Note: This site is currently "Under construction". I'm migrating to a new version of my site building software. Lots of things are in a state of disrepair as a result (for example, footnote links aren't working). It's all part of the process of building in public. Most things should still be readable though.

Skunk Works and Bootlegging

A black and white drawing of a of a skunk with a happy expression that is the Lockheed Martin Advanced Develop Projects Skunk Works Logo

I mentioned that I do Skunk Works projects to a colleague who was unfamiliar with the term. Turning to the all-knowing Wikipedia I pulled the following:

Skunk Works is a term first coined in 1943 by Lockheed, currently trademarked by Lockheed Martin and widely used in business, engineering, and technical fields to describe a group within an organization given a high degree of autonomy and unhampered by bureaucracy, tasked with working on advanced or secret projects.

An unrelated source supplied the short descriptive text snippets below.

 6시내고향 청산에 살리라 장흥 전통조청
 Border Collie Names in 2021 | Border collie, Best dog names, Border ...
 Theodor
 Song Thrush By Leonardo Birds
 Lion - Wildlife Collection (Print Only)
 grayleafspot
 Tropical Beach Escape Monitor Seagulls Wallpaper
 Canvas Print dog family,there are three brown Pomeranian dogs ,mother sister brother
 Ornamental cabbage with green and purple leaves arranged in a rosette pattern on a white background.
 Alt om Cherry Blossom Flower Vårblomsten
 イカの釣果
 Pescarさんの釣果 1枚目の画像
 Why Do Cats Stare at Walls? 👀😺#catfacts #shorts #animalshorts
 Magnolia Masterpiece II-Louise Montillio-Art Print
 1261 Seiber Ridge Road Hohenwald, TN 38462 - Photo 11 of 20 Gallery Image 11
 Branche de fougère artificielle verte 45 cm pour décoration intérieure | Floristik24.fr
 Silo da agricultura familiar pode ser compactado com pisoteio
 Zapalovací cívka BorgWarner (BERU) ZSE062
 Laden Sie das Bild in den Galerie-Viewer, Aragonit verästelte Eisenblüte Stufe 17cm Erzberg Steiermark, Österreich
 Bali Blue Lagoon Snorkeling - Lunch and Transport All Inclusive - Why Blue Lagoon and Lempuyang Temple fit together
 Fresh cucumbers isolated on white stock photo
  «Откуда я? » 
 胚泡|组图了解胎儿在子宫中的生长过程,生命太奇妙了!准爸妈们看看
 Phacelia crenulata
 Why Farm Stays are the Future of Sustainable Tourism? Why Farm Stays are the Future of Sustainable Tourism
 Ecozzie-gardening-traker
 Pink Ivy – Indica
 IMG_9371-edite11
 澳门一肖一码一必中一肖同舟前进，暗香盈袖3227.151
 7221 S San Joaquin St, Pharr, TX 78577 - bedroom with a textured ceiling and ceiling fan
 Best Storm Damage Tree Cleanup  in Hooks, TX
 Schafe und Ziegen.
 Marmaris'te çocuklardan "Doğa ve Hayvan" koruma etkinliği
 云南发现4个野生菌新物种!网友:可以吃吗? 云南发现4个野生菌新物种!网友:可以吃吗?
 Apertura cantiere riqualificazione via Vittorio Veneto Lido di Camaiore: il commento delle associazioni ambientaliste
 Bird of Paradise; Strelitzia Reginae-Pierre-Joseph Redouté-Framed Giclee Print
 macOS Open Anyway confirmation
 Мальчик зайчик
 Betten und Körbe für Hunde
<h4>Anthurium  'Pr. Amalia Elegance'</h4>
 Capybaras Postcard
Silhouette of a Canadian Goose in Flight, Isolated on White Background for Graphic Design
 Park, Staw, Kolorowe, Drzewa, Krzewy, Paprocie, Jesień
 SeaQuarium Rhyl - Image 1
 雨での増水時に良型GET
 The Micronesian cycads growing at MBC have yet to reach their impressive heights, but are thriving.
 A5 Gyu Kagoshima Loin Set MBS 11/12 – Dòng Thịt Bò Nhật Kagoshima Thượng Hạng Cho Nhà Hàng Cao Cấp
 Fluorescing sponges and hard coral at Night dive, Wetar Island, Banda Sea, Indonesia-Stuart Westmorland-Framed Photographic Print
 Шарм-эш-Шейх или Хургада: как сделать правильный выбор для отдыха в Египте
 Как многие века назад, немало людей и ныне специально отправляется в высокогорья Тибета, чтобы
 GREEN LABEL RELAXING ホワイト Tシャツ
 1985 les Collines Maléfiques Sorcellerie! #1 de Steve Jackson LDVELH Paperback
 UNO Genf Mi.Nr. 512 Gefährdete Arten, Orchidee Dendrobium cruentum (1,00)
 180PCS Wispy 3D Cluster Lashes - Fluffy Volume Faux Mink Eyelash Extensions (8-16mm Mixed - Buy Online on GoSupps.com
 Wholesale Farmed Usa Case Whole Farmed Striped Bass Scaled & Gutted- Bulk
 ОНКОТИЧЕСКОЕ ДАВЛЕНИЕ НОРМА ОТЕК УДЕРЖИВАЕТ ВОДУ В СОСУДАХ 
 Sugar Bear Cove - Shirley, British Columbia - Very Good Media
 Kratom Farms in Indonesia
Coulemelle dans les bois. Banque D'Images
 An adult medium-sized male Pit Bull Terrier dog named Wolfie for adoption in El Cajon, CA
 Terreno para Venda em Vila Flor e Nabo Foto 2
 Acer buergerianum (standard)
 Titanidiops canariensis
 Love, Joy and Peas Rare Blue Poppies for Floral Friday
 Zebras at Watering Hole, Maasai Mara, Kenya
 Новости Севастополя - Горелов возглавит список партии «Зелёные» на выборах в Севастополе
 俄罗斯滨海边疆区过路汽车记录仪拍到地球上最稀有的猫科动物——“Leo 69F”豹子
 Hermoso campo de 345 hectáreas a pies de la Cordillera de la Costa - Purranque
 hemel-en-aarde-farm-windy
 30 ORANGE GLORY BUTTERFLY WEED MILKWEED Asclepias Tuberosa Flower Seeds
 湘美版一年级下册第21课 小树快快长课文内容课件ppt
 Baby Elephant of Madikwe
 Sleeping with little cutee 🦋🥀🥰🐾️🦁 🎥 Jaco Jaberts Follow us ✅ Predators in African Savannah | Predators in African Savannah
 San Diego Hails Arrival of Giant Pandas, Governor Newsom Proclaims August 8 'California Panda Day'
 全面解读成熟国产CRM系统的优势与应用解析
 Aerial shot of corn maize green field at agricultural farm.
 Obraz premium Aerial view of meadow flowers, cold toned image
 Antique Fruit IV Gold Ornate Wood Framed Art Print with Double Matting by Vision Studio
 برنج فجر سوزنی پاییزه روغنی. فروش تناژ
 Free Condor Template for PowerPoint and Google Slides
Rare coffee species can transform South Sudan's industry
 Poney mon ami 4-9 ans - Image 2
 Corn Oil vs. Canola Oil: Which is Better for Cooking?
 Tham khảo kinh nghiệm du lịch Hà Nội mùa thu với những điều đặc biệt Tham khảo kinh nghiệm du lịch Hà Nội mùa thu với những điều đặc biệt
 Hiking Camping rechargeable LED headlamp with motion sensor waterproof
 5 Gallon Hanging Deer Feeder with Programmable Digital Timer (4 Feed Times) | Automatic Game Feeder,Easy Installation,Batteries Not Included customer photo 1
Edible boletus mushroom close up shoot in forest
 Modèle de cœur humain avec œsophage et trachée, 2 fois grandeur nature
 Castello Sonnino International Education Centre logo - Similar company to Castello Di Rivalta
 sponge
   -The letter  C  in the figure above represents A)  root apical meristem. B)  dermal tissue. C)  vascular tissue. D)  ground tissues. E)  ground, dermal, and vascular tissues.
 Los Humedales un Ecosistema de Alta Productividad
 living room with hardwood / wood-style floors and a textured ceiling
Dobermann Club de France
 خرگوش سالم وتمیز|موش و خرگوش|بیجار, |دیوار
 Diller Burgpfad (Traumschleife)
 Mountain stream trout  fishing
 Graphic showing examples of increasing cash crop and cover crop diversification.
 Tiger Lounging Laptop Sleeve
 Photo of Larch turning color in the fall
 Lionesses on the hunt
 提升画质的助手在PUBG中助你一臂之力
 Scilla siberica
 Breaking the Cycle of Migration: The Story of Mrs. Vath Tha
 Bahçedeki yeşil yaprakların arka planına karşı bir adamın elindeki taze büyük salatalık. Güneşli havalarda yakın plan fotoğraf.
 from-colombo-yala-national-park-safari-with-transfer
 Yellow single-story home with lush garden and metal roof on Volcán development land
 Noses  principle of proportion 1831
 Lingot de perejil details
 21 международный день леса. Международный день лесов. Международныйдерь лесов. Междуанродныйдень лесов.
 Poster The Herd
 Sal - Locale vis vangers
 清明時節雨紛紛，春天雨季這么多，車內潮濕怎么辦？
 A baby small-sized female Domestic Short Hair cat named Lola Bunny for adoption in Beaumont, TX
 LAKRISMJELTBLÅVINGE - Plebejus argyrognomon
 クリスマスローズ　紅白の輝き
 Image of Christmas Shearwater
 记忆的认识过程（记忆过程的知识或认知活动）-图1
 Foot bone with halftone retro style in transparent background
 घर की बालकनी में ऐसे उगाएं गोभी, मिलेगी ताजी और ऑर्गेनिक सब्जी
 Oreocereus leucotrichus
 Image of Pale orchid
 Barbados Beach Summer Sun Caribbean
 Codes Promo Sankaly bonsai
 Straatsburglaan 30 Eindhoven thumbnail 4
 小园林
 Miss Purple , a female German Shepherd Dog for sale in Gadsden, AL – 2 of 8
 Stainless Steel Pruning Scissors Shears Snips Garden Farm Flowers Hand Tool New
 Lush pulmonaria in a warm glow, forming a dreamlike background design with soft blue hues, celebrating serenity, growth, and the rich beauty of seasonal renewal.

Reading further, I saw a reference to "Bootlegging".

I didn't know that there is a business world definition for the term. Apparently, there is:

In economics and business administration literature, Kenneth E. Knight introduced the notion bootlegging in 1967. Bootlegging is defined as research in which motivated individuals secretly organise the innovation process. It usually is a bottom-up, non-programmed activity, without the official authorisation of the responsible management, but for the benefit of the company. It is not in the department’s action plan nor are there any formal resources allocated towards it (Augsdorfer 1996).

I do that too. I'm close to winding up a project that has been pretty much all consuming since sometime around October of last year. Can't wait to get back to the bootlegging stuff. It will come as a most welcome change of pace from the big ol' formal project.